The 60th Annual Meeting of the Japanese Association of Educational Psychology

Presentation information

ポスター発表

[PB] ポスター発表 PB(01-76)

Sat. Sep 15, 2018 1:00 PM - 3:00 PM D203 (独立館 2階)

在席責任時間 奇数番号13:00~14:00 偶数番号14:00~15:00

[PB38] こどもの自転車運転技能習得に対する非接触的指導の効果

主に小学校低学年までを対象とした自転車初乗り教室における集団学習

中路将徳1, 松永猛#2 (1.株式会社セントルラボ, 2.一般社団法人アジアニューブランド協会)

Keywords:児童教育, コーチング, 教授法

 近年,こどもの自転車運転技能習得が以前よりも困難な環境となっている。その理由は,家族環境の変化により父母等がこどもに自転車を教える時間が取れないこと,社会環境の変化により自転車を教える適当な場所を確保できないことがある。

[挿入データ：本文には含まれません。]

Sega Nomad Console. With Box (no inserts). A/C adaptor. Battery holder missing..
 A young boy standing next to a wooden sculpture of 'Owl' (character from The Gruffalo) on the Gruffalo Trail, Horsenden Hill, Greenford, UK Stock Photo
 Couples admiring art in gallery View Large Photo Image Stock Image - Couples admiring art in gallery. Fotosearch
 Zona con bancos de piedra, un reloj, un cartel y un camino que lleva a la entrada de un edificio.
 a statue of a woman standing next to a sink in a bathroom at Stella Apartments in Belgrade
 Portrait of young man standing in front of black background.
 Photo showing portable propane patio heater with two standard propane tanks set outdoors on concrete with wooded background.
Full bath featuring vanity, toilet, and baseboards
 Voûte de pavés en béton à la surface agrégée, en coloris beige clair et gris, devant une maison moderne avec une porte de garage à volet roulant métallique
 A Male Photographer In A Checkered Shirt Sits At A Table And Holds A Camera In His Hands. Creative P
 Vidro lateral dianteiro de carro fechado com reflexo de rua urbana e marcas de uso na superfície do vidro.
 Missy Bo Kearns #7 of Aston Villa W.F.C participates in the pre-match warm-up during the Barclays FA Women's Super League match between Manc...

また,自転車運転を教える際においても,父母等は自分自身が幼少期に習得した過程の記憶に基づき,こどもの体や自転車を支えるなど身体的に接触して指導をすることが多いが,理論ではなく経験に基づく方法であるため,技能習得に時間を要したり,指導を諦めたりする傾向がある。このような状況を鑑み,松永は2017年より自転車技能習得を目的とした教室を開始した。指導の最も特徴的な事は,こどもに対する身体接触をほとんど伴わない点である。1年以上にわたる教室開催の結果,複数のこどもが操縦技能を獲得することが確認できていたが,これまで習熟度や参加背景などを定量的に評価したことはなかった。本研究では,指導の効果を定量的に評価し,結果に及ぼしている影響について考察した。

方  法
(1) 自転車運転技能習得の指導法
 自転車初乗り教室として,最低年齢4歳以上を対象に,商業施設の駐車場などで指導した。教室1回あたりの定員は10名とした。教室では,自転車の名称や交通ルールの講義を最初に行い,その後ペダルを外した自転車を用いて跨り歩行と人工坂道から下るバランス走行を練習させた。次にペダルを付け,坂道から下る途中に両足をペダルに乗せる練習実施後,最後にペダルを漕いで前進ならびに曲がる練習をさせた。指導時間は2時間とし,習得状況に関わらず時間の到来により指導を終了した。指導はコーチ2名以上で行い,口頭での非接触的指導とし,転倒など緊急時を除き,同伴する父母等およびコーチのいずれも原則としてこどもに身体接触は行わなかった。
(2) 調査の方法
 2018年に実施した自転車初乗り教室において,参加したこども41名(男子23名,女子18名)に同伴した父母等に対し,質問紙法ならびにヒアリングにより調査を実施した。調査項目は年齢,性別,教室参加前の事前練習の回数,時間,指導者ならびに補助輪使用の有無,初乗り教室受講前後の習熟度の5段階評価(段階1「全く練習していない」,段階2「サドルに跨って歩く事ができる」,段階3「地面を蹴って前進できる」,段階4「ペダルを漕いで直進が出来る」および段階5「ペダルを漕いで曲がる事も出来る」),ならびに受講後の満足度3段階評価(他のこどもにも「強く薦める」,「薦める」および「薦めない」)とした。

結果と考察
 参加者の平均年齢は6.8歳,95%が初参加であった。参加前の平均練習時間は2.6時間,中央値は1時間で,練習時間0が42%であった。受講前の習得度は段階1が31%,段階2が39%,段階3が28%,段階4が3%であり,段階5は0%であった。受講後の習得度は段階2が2%,段階3が51%,段階4が7%,段階5が39%であった。満足度は「強く薦める」が59%であった。
 初乗り教室参加前の習得度段階4以上は1名のみであったが,指導を終えた時点で,半数近くの46%が段階4以上に到達し,バランスを取って前進できる事が明らかとなった。2時間で習得できる理由として,(i)非接触指導をすることによって,子ども自身が周囲に依存することなく自立して練習している事,(ii)指導を第三者が行う事によってこどもが適度な緊張感を持ち,練習に対する集中力を維持しやすい事,(iii)集団で指導することによって,こどもに適度な競争心を与えている事が考えられる。身体接触を伴わなくても,コーチの適切な声がけや指導環境の設定によって短時間での自転車技能習得が可能であることは,スキーなどの他の協調運動の習得においても応用できる事が期待できる。
 46%のこどもが「ペダルを漕いで直進が出来る」の段階4以上に達した。